> _Material supplied_
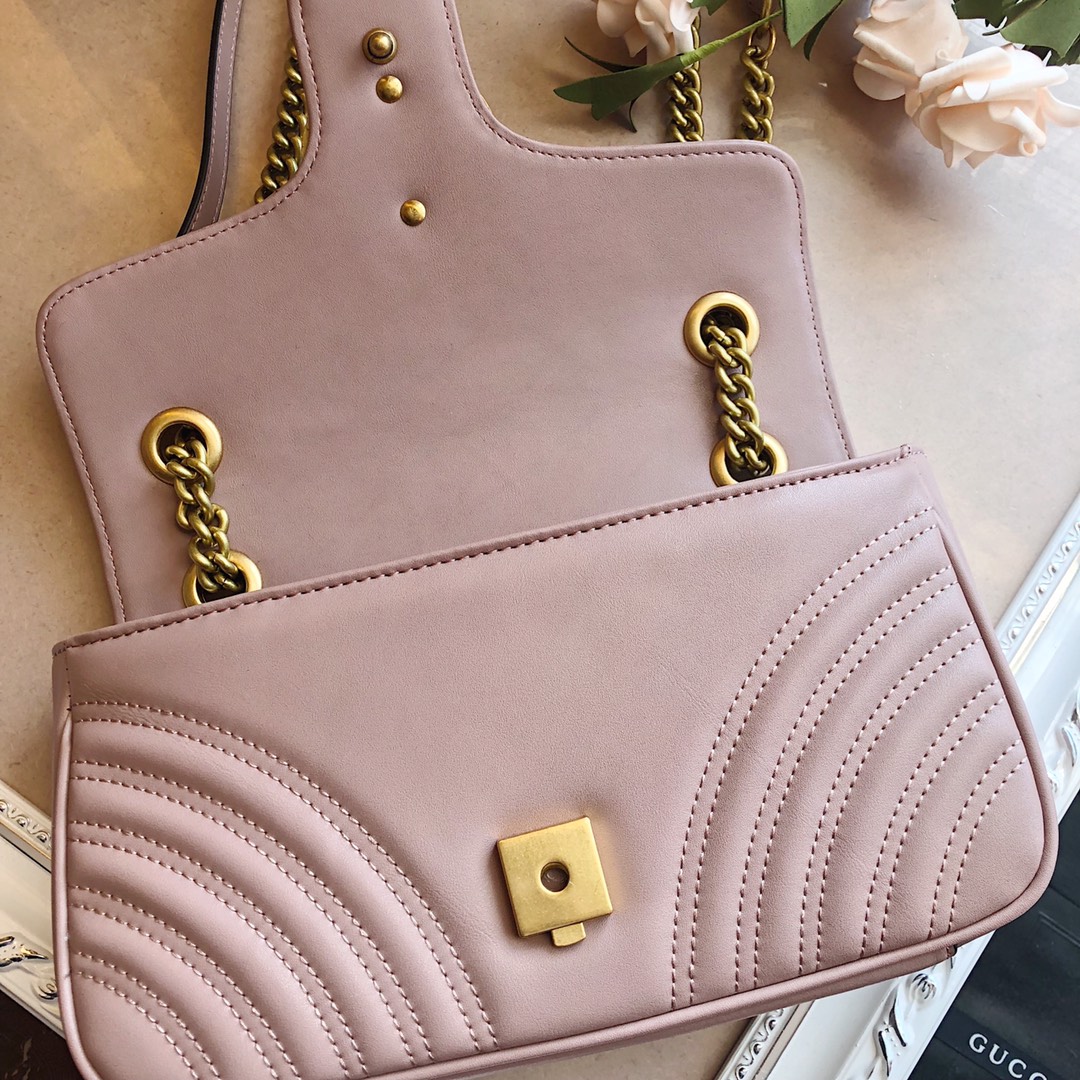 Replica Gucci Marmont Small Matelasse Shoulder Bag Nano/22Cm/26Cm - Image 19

==

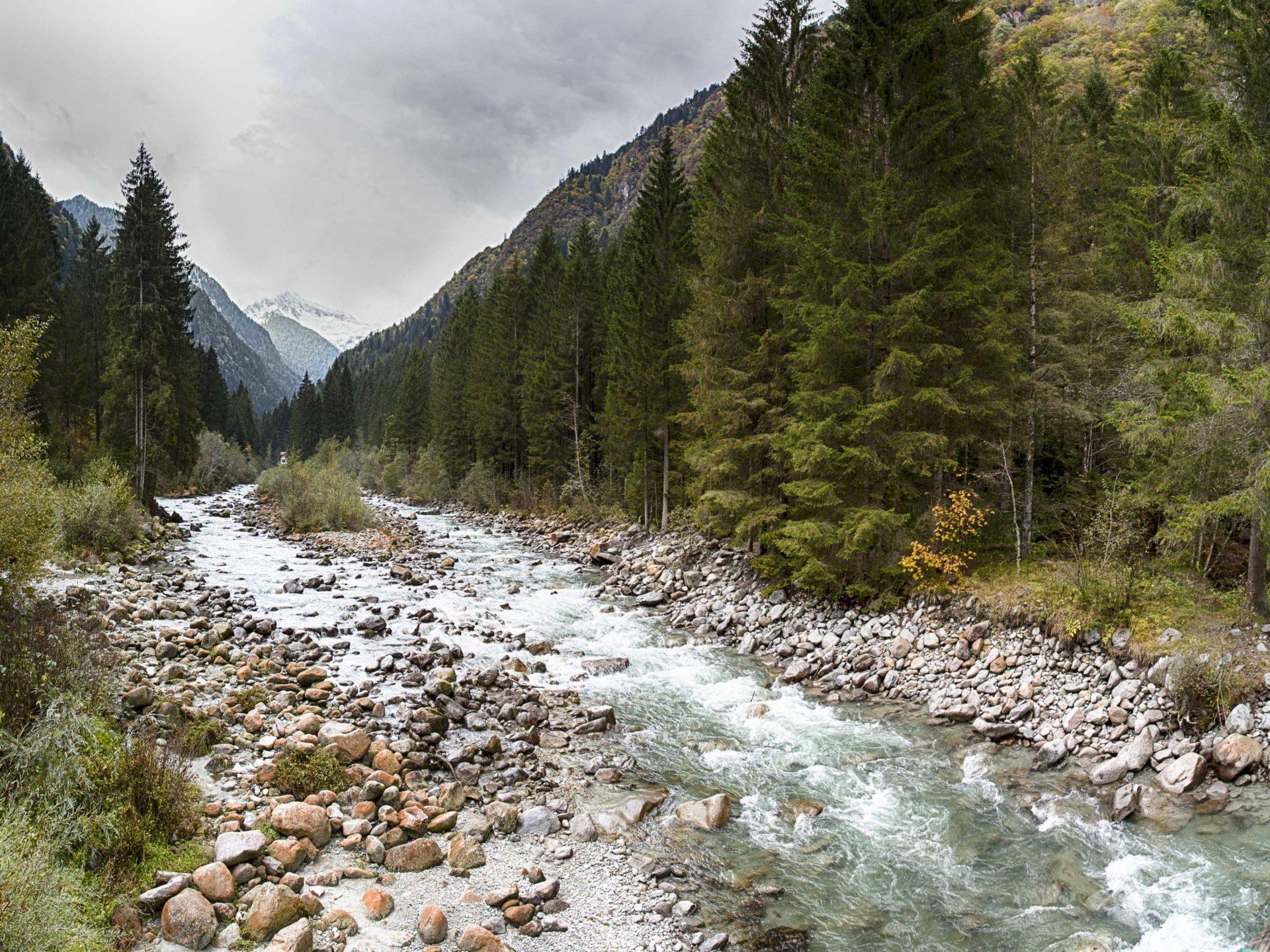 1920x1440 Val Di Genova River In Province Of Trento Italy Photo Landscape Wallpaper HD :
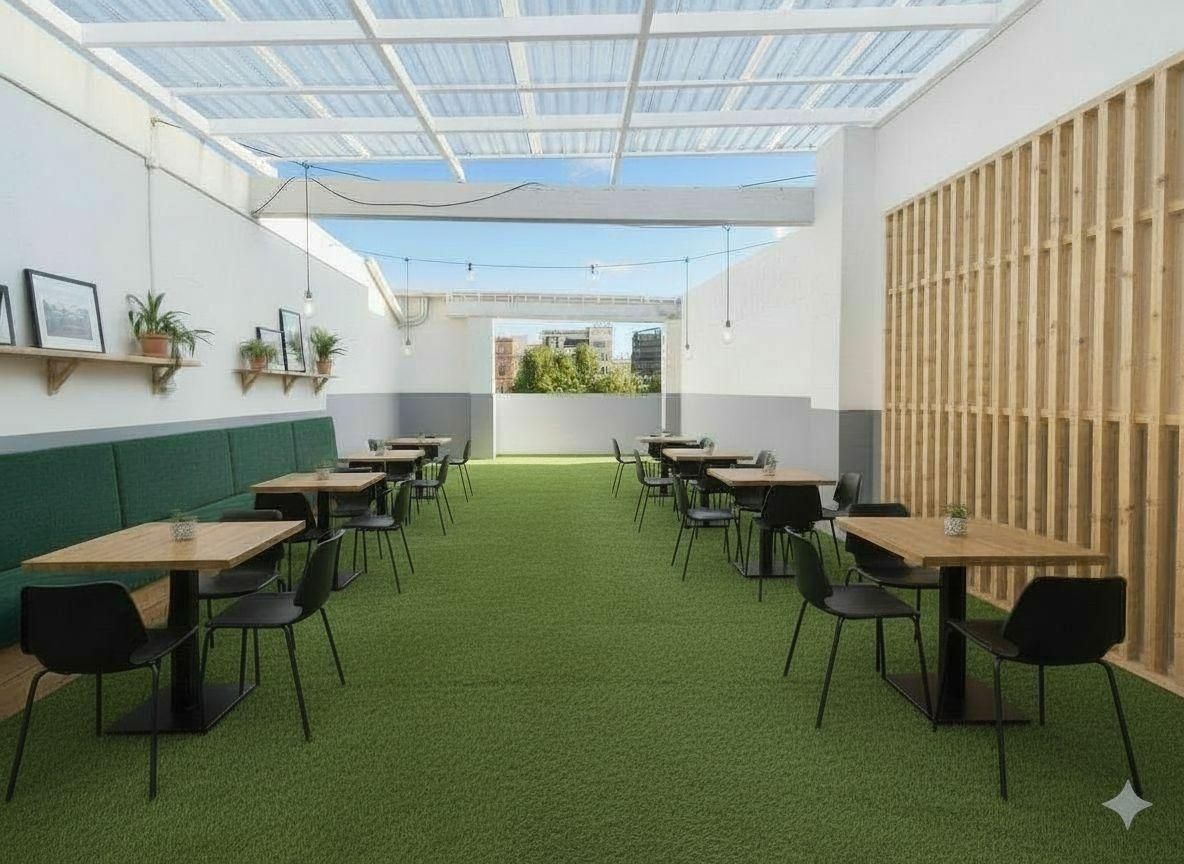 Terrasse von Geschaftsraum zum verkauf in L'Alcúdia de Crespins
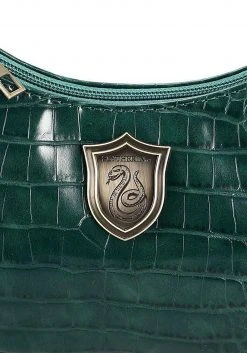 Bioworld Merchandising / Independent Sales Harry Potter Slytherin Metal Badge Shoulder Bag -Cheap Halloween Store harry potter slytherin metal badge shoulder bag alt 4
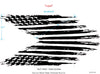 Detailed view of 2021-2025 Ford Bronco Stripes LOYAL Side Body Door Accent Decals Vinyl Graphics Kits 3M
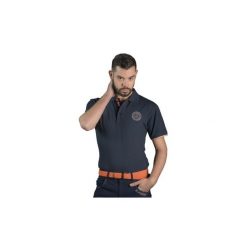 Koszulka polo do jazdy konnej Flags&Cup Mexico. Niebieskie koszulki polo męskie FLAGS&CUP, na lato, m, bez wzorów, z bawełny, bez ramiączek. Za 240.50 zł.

> _Task details_
Once the line with "Bioworld Merchandising /" has been found above, output that line and every later line exactly, stopping after the line with "Koszulka polo do", and omit the pictures.

> _Your response_
 Bioworld Merchandising / Independent Sales Harry Potter Slytherin Metal Badge Shoulder Bag -Cheap Halloween Store harry potter slytherin metal badge shoulder bag alt 4
 Detailed view of 2021-2025 Ford Bronco Stripes LOYAL Side Body Door Accent Decals Vinyl Graphics Kits 3M
 Koszulka polo do jazdy konnej Flags&Cup Mexico. Niebieskie koszulki polo męskie FLAGS&CUP, na lato, m, bez wzorów, z bawełny, bez ramiączek. Za 240.50 zł.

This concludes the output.